Beside, got question to you. Did you see that Mini Rio by Aquacraft? Is it possible to buy it with remote except this 75 Mhz?
Thanks
#48
Graupner was much more popular at the entry level of R/C boating 5-10 years ago. Since then they just can't keep up to companies like Aquacraft. Dealers like Hobby-Lobby slowly started dropping there products years ago as they weren't selling. I believe they only carry the systems Cat now.
Heat weakens the permanent magnet of any motor. Once this happens the motor will run excessively hot as efficiency has greatly deteriorated. Using Neodymium magnets will lessen the chance of this. Unfortunately most of Graupner motors use Ferrite magents.

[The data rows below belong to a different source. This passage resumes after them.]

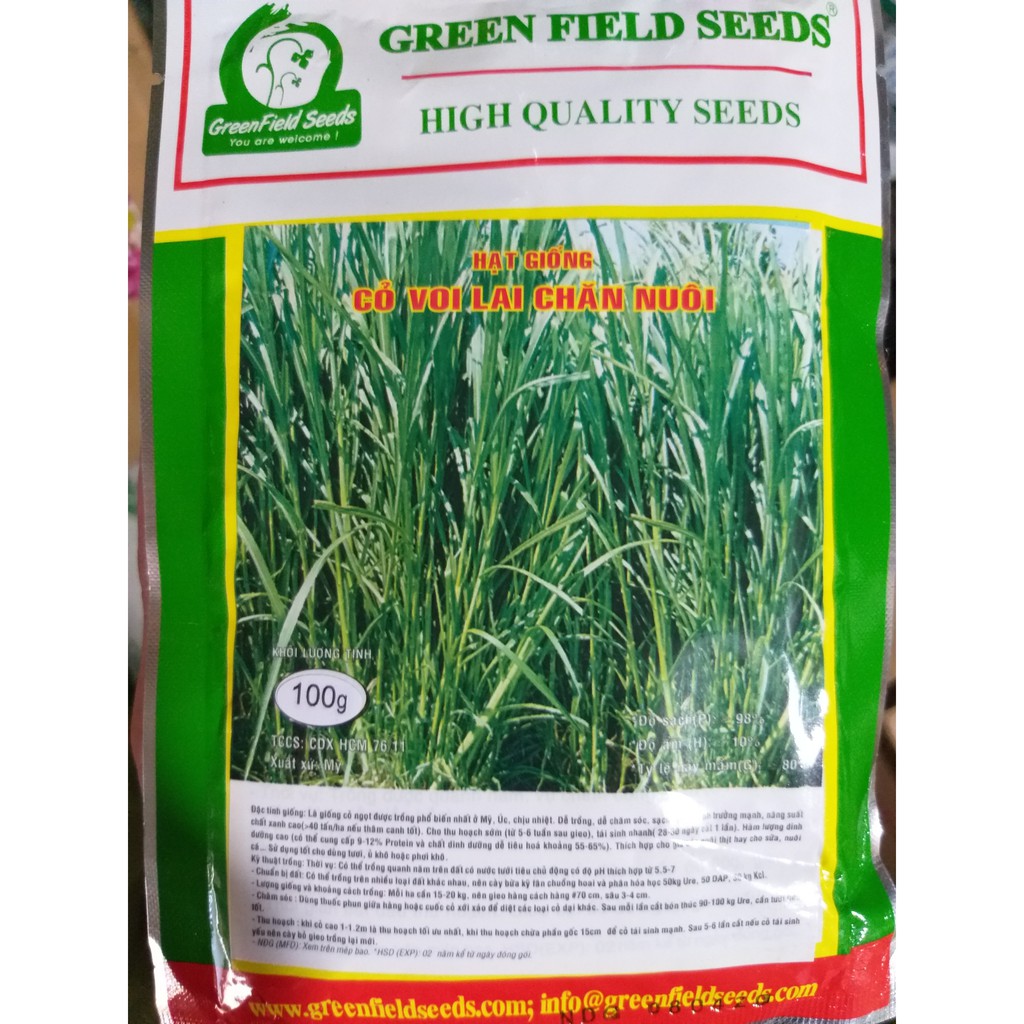 Cỏ Voi Lai Chăn Nuôi (100g), Hạt Giống Cỏ Voi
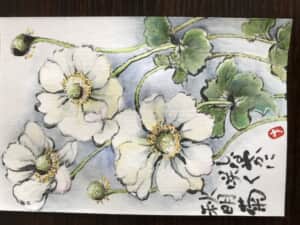 秋明菊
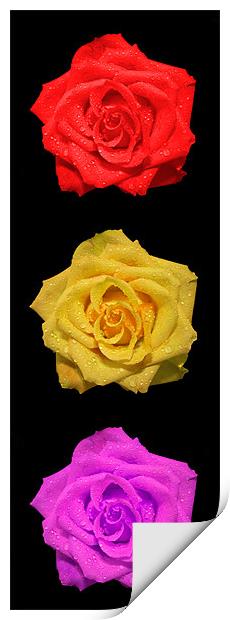 Vertical Roses Print by Roger Green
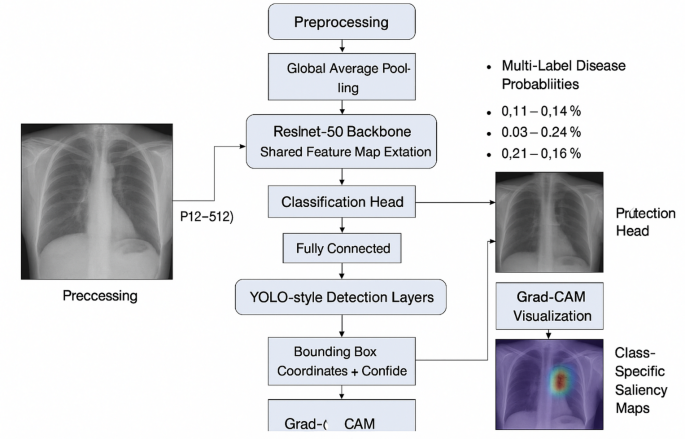 CXR-MultiTaskNet a unified deep learning framework for joint disease localization and classification in chest radiographs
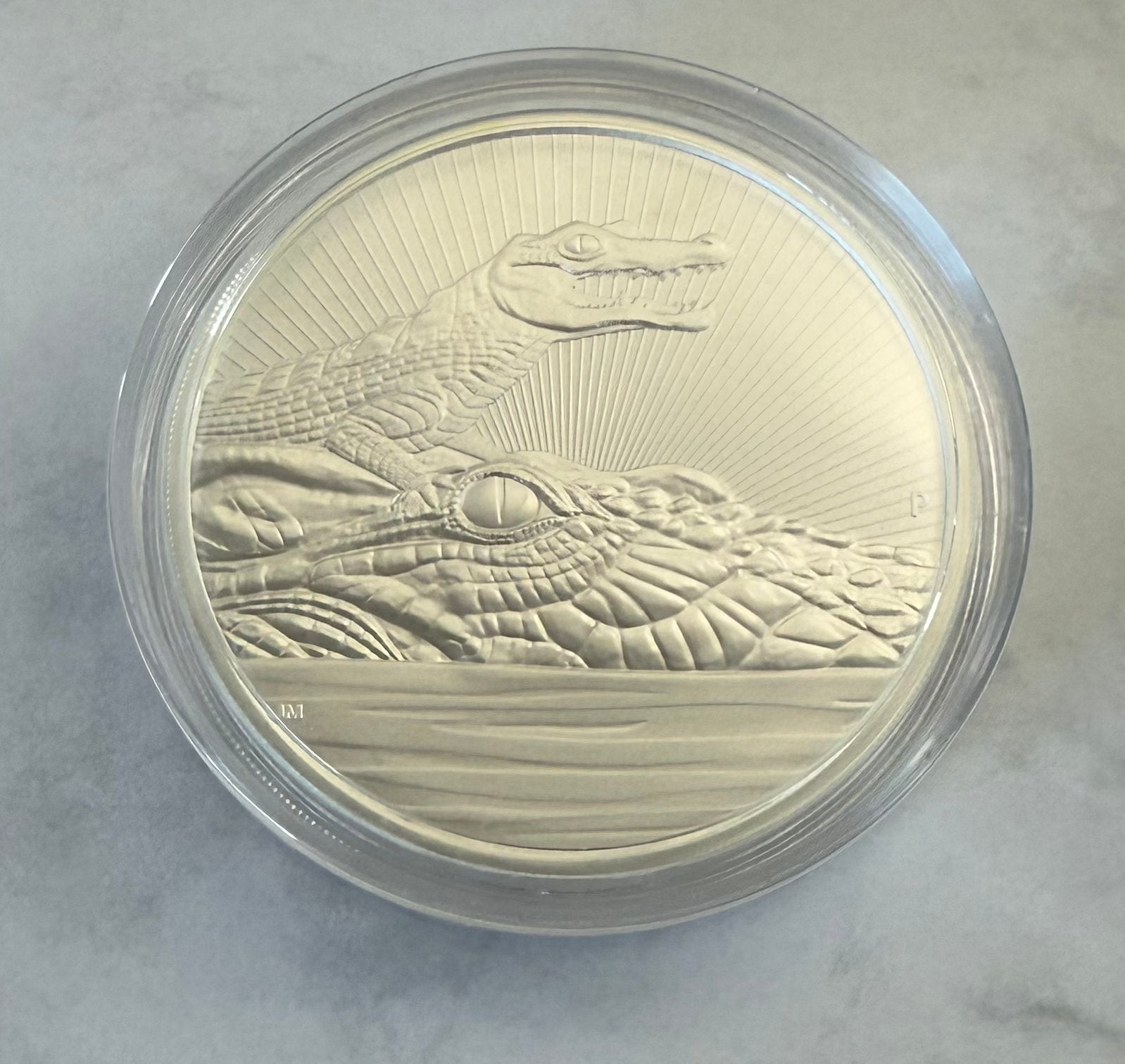10oz 2019 The Next Generation - Crocodile / 999 zilver, Ophalen of Verzenden, Losse munt, Zilver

I also don't understand why you keep listing your experience and credentials. I could do that just as easy, would it make me that much further ahead?
Ryan
Heat weakens the permanent magnet of any motor. Once this happens the motor will run excessively hot as efficiency has greatly deteriorated. Using Neodymium magnets will lessen the chance of this. Unfortunately most of Graupner motors use Ferrite magents.
I also don't understand why you keep listing your experience and credentials. I could do that just as easy, would it make me that much further ahead?